Oxford University Sermon 2008
Given at St Mary the Virgin, Oxford, 2nd November 2008
Giles Goddard
Luke 9: 20 - "But who do you say that I am? Peter answered "The Messiah of God
I want to take you for a moment out of the beautiful surroundings of the centre of Oxford, to the Elephant and Castle roundabouts, in South London. If you know that part of London well, you'll be able to take the first exit from the second roundabout and follow the Walworth Road towards Camberwell. About 500 metres down on the left is a neo-classical church set back from the road; St Peter's, where I'm based.
The Walworth Road is one of London's less prepossessing roads; Walworth is the kind of place, according to a friend, that the rats refuse to come to. Its big housing estate, the Aylesbury, is the place the former Prime Minister made his first announcement, promising change in 1997; and that part of London is certainly a place with more than its fair share of the events which hit the headlines - gun and knife crime, drugs and drink abuse, all the results of alienation - although I'm very fond of announcing that of course Walworth is nothing like Peckham, just across the park . I said that last week at a meeting, to be hauled up short by someone born and bred in Peckham; so I expect emails after this sermon.
But it won't surprise you to learn that, of course, Walworth is nothing like its stereotype. Behind the headlines and under the sensationalism lies a profoundly rooted and complicated community which in its multifarious and varied ways has taught me more than I can possibly say about the human capacity for generosity and the endurance of community.
Take for example Irene, a lady from the Caribbean who without fuss or bother, and with a nice line in irony quietly and constantly looks after her son who is in and out of mental hospitals, her grandson deserted by his mother; she cooks every week for another thirty people with mental health issues, rules the church cleaning rota with an iron rod, and brings food for the clergy every Wednesday evening, as well as maintaining and supporting an extensive family network and attending evening prayers at least three times a week.
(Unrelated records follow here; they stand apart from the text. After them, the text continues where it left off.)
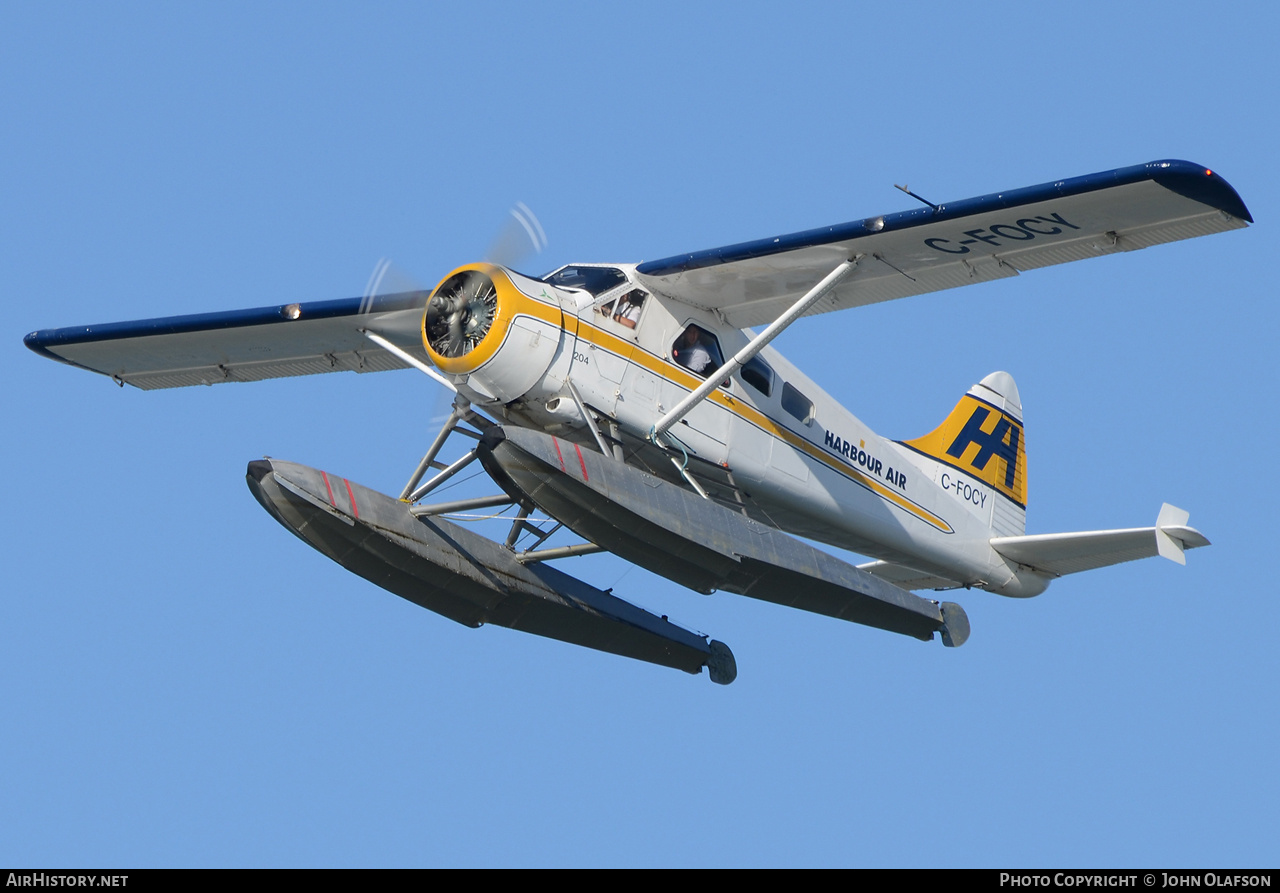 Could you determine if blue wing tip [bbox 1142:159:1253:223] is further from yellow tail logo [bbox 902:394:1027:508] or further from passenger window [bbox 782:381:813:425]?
yellow tail logo [bbox 902:394:1027:508]

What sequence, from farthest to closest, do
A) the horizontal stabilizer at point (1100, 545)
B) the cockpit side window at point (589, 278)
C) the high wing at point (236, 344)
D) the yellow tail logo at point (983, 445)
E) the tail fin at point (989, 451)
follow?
the yellow tail logo at point (983, 445)
the tail fin at point (989, 451)
the high wing at point (236, 344)
the horizontal stabilizer at point (1100, 545)
the cockpit side window at point (589, 278)

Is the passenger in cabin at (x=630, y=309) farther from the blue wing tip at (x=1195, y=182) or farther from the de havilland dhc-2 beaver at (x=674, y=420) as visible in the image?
the blue wing tip at (x=1195, y=182)

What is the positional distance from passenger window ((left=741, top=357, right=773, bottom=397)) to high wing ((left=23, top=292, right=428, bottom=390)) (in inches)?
128

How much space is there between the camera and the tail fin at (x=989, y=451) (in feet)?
64.1

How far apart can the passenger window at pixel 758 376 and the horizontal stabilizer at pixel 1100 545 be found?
144 inches

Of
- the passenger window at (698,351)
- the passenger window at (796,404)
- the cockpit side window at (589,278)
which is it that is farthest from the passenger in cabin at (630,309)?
the passenger window at (796,404)

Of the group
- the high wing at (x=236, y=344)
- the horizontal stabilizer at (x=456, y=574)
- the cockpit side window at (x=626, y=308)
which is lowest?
the horizontal stabilizer at (x=456, y=574)

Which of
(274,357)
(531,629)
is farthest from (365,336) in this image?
(531,629)

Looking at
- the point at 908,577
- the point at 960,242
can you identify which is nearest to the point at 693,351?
the point at 960,242

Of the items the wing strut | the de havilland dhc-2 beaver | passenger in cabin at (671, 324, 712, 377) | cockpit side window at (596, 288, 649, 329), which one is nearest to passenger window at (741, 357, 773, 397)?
the de havilland dhc-2 beaver

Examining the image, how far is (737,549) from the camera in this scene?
50.3ft

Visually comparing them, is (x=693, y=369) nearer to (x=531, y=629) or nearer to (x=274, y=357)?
(x=531, y=629)

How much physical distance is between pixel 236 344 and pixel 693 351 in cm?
516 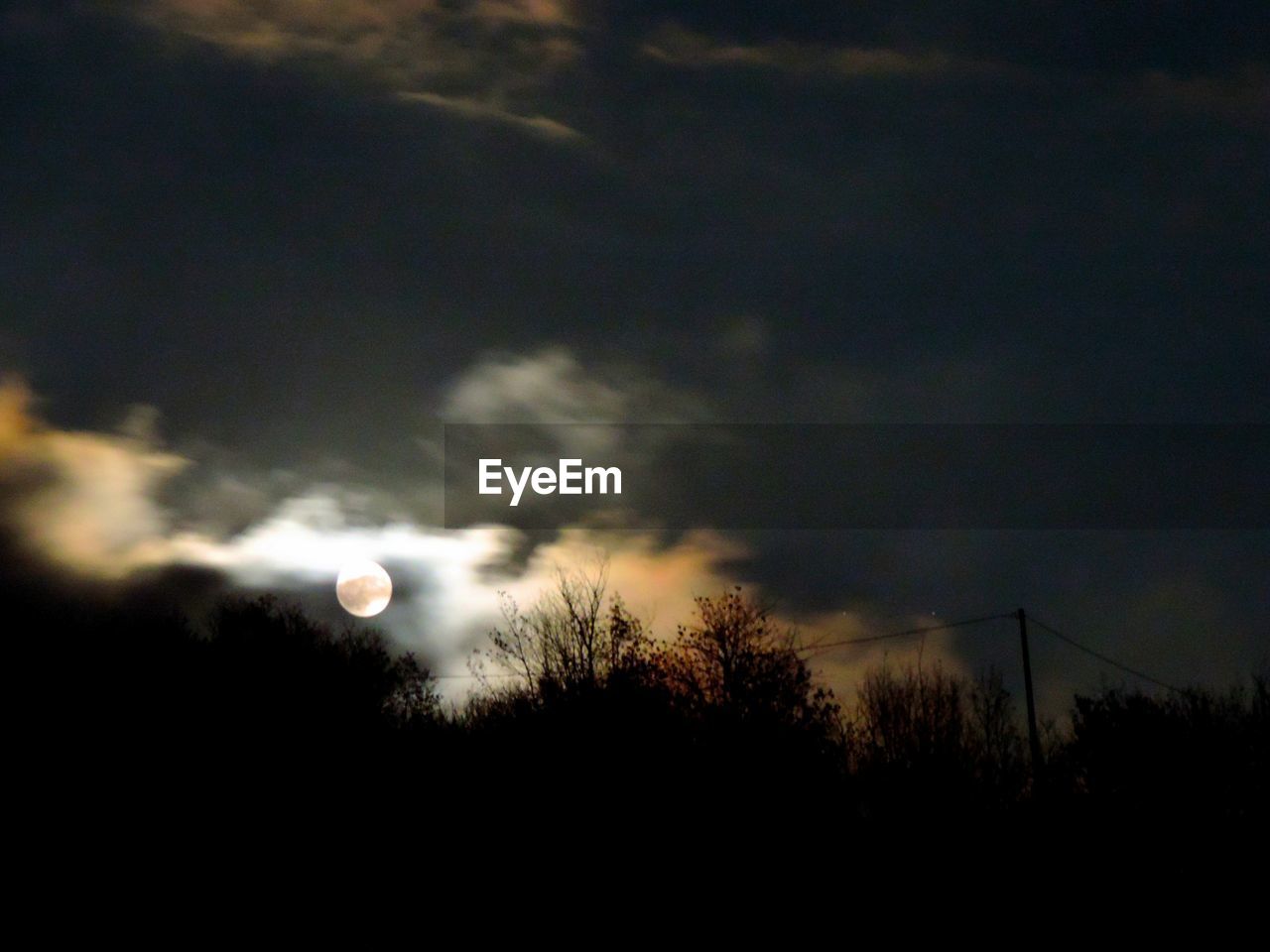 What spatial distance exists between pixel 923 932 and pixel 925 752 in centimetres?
1571

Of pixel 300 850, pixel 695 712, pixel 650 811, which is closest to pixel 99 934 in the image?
pixel 300 850

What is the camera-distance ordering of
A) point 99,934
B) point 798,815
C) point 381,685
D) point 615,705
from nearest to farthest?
point 99,934, point 798,815, point 615,705, point 381,685

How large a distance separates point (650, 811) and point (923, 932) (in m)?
10.7

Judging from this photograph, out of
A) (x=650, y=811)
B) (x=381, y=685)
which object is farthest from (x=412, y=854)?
(x=381, y=685)

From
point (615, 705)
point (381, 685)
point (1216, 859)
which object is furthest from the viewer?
point (381, 685)

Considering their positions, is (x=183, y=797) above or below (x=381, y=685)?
below

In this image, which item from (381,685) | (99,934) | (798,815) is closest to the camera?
(99,934)

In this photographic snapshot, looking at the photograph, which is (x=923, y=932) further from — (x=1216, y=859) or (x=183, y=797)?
(x=183, y=797)

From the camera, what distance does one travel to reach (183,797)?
167 feet

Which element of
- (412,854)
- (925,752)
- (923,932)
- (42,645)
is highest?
(42,645)

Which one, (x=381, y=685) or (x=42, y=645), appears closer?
(x=42, y=645)

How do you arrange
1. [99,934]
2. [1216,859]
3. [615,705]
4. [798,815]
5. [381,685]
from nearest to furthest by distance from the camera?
[99,934]
[1216,859]
[798,815]
[615,705]
[381,685]

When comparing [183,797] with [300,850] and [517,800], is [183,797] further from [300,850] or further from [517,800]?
[517,800]

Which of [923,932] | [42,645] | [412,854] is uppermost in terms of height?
[42,645] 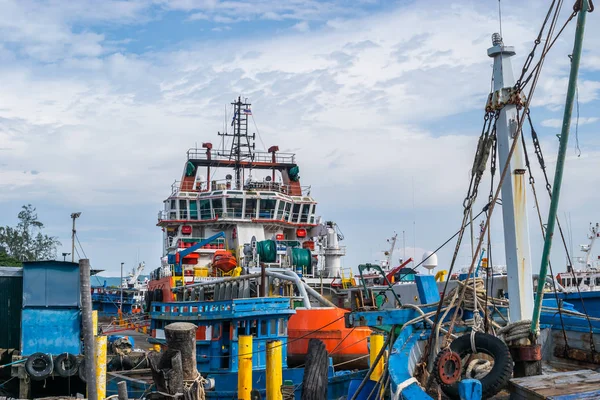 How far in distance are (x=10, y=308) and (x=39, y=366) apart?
331 cm

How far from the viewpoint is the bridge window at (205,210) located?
1244 inches

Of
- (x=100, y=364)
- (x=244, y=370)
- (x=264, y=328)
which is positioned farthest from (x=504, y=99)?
(x=264, y=328)

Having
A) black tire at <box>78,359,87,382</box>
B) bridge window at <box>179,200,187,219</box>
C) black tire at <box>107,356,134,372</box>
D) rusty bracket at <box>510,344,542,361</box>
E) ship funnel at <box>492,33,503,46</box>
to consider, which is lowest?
black tire at <box>107,356,134,372</box>

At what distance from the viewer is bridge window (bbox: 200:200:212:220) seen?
3159cm

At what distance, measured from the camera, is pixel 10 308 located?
19.0 meters

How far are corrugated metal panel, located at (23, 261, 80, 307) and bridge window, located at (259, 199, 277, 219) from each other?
13.7m

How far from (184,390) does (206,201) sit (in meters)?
22.8

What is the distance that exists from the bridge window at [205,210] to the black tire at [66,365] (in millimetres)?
15338

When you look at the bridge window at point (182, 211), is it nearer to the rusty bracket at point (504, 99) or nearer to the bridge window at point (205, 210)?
the bridge window at point (205, 210)

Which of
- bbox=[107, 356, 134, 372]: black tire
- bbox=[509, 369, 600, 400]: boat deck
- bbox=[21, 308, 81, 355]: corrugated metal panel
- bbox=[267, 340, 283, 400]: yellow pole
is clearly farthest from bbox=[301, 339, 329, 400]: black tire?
bbox=[107, 356, 134, 372]: black tire

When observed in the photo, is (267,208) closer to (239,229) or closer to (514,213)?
(239,229)

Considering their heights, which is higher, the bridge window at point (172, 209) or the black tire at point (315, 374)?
the bridge window at point (172, 209)

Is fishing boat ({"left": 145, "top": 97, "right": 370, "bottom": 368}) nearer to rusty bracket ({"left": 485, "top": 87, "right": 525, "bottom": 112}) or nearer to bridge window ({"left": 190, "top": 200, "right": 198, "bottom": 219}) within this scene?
bridge window ({"left": 190, "top": 200, "right": 198, "bottom": 219})

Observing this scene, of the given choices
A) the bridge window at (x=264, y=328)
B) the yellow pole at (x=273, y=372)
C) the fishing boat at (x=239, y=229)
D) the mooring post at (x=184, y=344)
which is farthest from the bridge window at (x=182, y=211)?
the mooring post at (x=184, y=344) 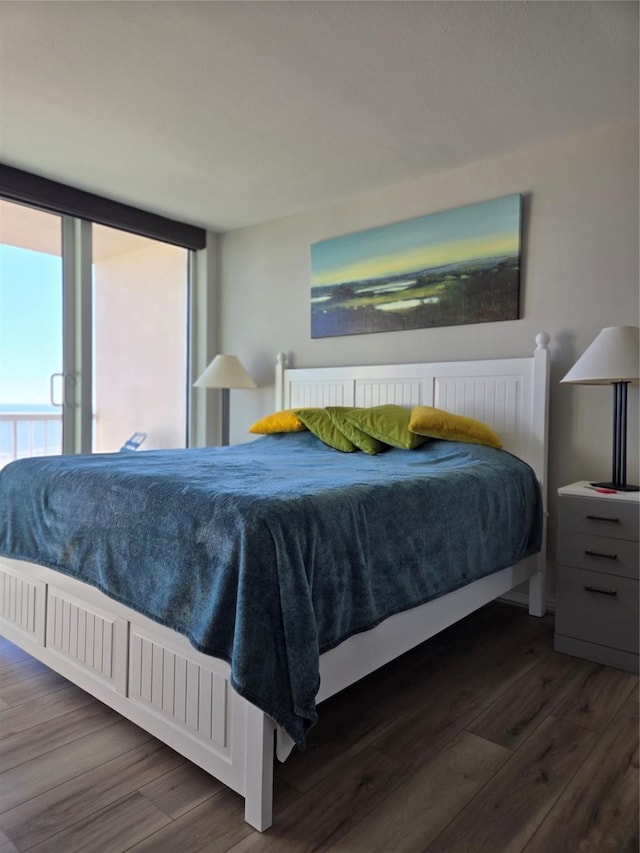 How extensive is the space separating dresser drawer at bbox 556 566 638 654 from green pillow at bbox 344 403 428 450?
0.86 m

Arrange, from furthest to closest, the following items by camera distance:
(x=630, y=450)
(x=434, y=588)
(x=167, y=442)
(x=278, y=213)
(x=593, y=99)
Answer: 1. (x=167, y=442)
2. (x=278, y=213)
3. (x=630, y=450)
4. (x=593, y=99)
5. (x=434, y=588)

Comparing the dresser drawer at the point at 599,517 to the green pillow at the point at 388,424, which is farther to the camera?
the green pillow at the point at 388,424

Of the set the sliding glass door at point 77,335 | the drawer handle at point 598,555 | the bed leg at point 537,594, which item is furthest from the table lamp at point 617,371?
the sliding glass door at point 77,335

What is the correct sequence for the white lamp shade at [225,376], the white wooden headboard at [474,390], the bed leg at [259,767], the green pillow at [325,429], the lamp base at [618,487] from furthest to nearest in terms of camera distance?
1. the white lamp shade at [225,376]
2. the green pillow at [325,429]
3. the white wooden headboard at [474,390]
4. the lamp base at [618,487]
5. the bed leg at [259,767]

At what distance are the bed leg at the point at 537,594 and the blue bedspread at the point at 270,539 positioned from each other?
1.14ft

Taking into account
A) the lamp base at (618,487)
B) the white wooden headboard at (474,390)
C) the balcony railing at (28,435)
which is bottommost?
the lamp base at (618,487)

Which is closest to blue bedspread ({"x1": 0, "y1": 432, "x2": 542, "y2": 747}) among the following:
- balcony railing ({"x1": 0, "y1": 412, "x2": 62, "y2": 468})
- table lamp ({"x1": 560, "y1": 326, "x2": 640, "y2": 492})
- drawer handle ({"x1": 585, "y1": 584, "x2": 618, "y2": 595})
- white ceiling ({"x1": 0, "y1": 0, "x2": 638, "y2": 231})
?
drawer handle ({"x1": 585, "y1": 584, "x2": 618, "y2": 595})

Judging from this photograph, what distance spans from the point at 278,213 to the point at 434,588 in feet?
9.72

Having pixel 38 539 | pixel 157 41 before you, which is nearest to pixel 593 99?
pixel 157 41

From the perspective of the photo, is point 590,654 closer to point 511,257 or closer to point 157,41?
point 511,257

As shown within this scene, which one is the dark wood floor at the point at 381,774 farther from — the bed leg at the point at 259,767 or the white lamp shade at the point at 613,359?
the white lamp shade at the point at 613,359

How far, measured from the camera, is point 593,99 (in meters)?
2.38

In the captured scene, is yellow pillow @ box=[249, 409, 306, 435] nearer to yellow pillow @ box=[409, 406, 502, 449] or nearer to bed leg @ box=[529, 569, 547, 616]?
yellow pillow @ box=[409, 406, 502, 449]

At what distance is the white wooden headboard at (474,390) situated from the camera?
2.75 meters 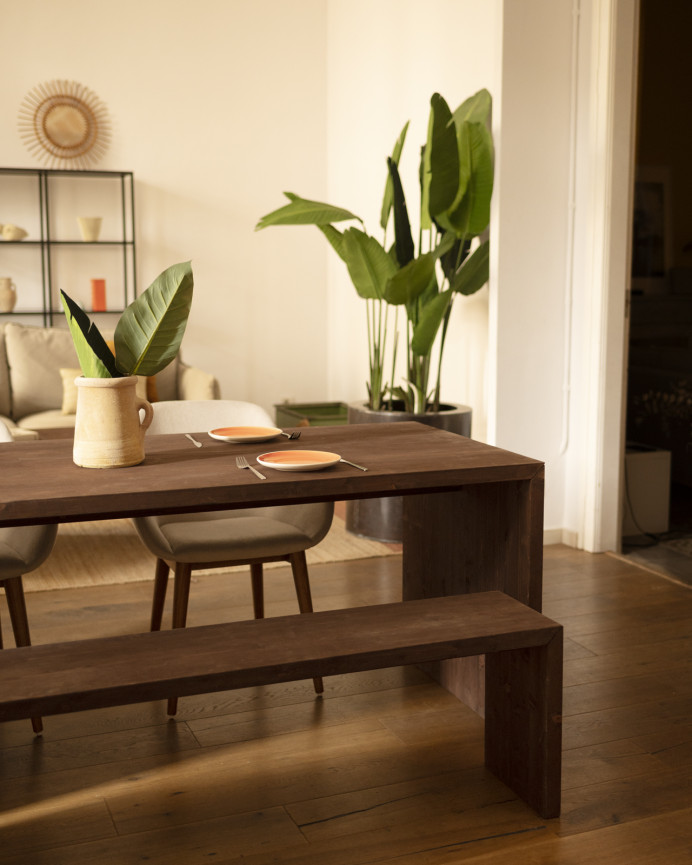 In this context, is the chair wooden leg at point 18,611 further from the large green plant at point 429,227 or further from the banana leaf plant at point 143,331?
the large green plant at point 429,227

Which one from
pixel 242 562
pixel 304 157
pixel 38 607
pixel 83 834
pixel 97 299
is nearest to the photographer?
pixel 83 834

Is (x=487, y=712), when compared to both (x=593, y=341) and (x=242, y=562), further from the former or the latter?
(x=593, y=341)

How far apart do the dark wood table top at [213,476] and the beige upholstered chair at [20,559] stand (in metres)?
0.21

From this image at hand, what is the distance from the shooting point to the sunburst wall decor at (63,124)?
5523mm

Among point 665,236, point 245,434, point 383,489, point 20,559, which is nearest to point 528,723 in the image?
point 383,489

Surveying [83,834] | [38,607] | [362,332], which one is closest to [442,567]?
[83,834]

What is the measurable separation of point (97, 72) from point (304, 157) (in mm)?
1379

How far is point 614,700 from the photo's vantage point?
2.38 metres

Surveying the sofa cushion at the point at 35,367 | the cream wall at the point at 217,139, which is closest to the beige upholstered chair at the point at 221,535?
the sofa cushion at the point at 35,367

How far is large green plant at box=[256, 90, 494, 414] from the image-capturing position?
351 cm

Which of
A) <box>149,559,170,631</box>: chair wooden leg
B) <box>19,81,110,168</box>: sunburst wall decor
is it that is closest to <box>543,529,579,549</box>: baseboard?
<box>149,559,170,631</box>: chair wooden leg

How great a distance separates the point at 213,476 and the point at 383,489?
13.4 inches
Or Mary, indigenous South London to the end of her fingertips, challenged in more ways than I begin to understand, but every morning whatever the weather waiting outside the church at 8.25 for morning prayer, bringing quiet devotion and a proper constancy to the church's prayer life without which we would be much diminished.
"Jesus said to them - 'But who do you say that I am?' Peter answered "The Messiah of God.
Today is All Saints' Sunday, hard on the heels of Hallowe'en and before All Souls, tomorrow. All Saints, when the church remembers those who have gone before us - not only those who have been canonised but also the unsung and the quiet heroes - and sometimes reflects too on the saints around us, the saints in the communities we're all part of.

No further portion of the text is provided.